**REQUIRED WORK**
Transcribe the listing below only from the line with "Chaussettes Mi Hautes" up to and including the line with "軟骨ピアス 16G 雪の結晶 スノーフレーク ジュエル チャーム付き".

**MATERIAL FOR THIS TASK**
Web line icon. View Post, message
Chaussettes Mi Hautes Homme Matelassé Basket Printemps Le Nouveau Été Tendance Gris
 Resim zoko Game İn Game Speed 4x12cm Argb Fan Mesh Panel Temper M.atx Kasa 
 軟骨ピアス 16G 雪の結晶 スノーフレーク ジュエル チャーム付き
...
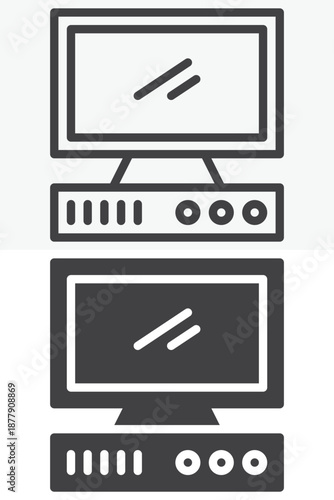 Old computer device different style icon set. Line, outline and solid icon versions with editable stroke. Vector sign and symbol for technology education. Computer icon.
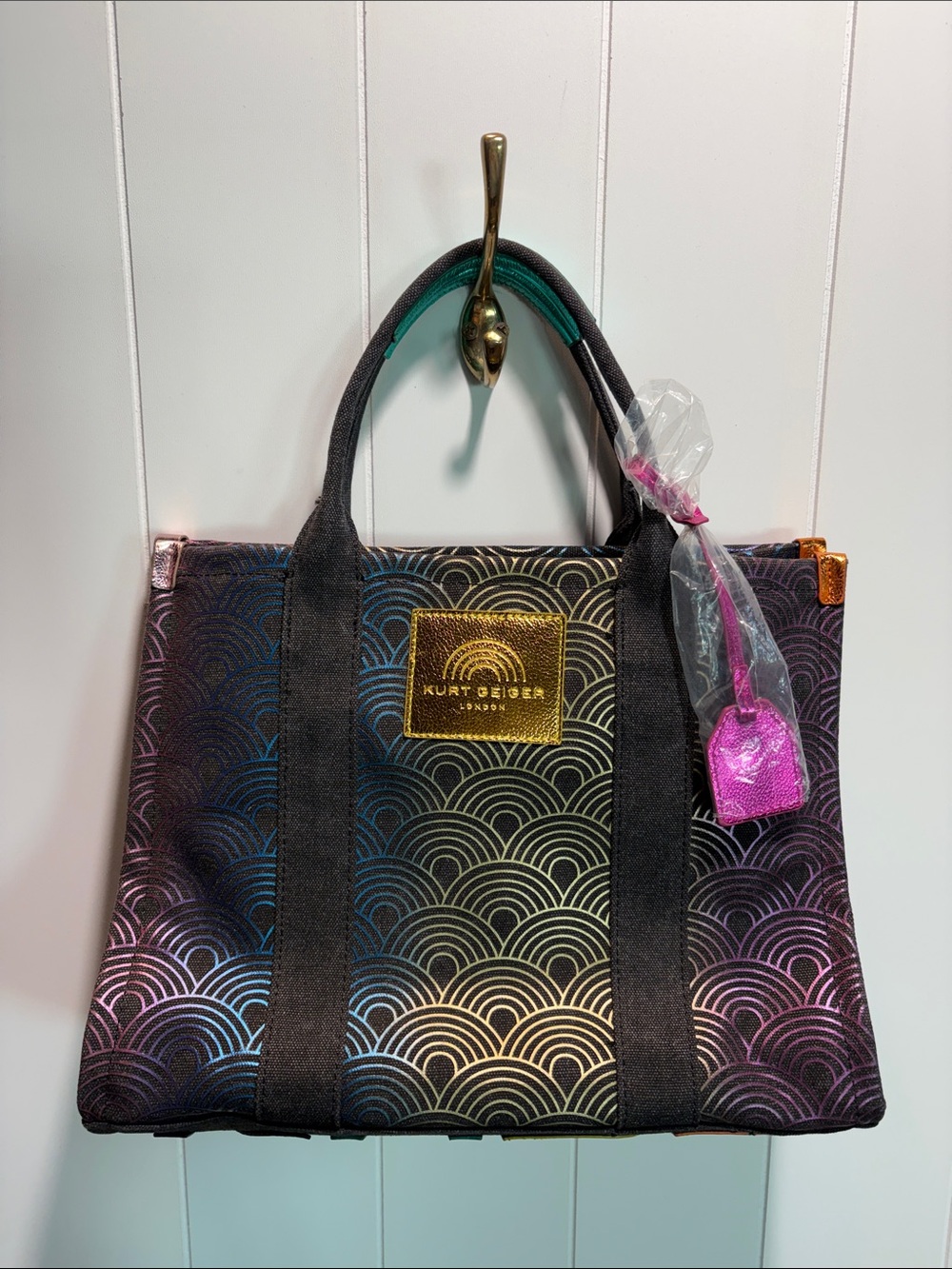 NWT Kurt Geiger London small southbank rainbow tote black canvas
...
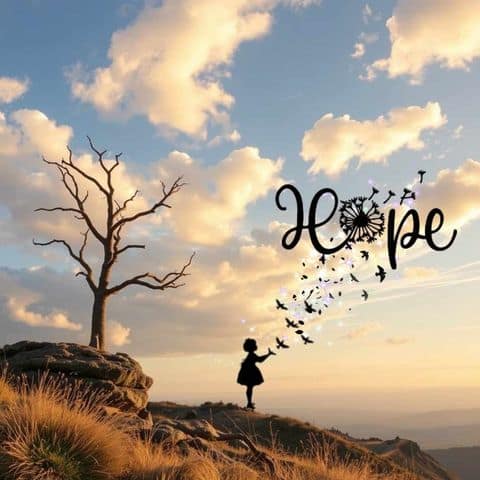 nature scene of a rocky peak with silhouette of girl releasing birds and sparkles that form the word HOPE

**RESULT FOR THIS EXERCISE**
Chaussettes Mi Hautes Homme Matelassé Basket Printemps Le Nouveau Été Tendance Gris
 Resim zoko Game İn Game Speed 4x12cm Argb Fan Mesh Panel Temper M.atx Kasa 
 軟骨ピアス 16G 雪の結晶 スノーフレーク ジュエル チャーム付き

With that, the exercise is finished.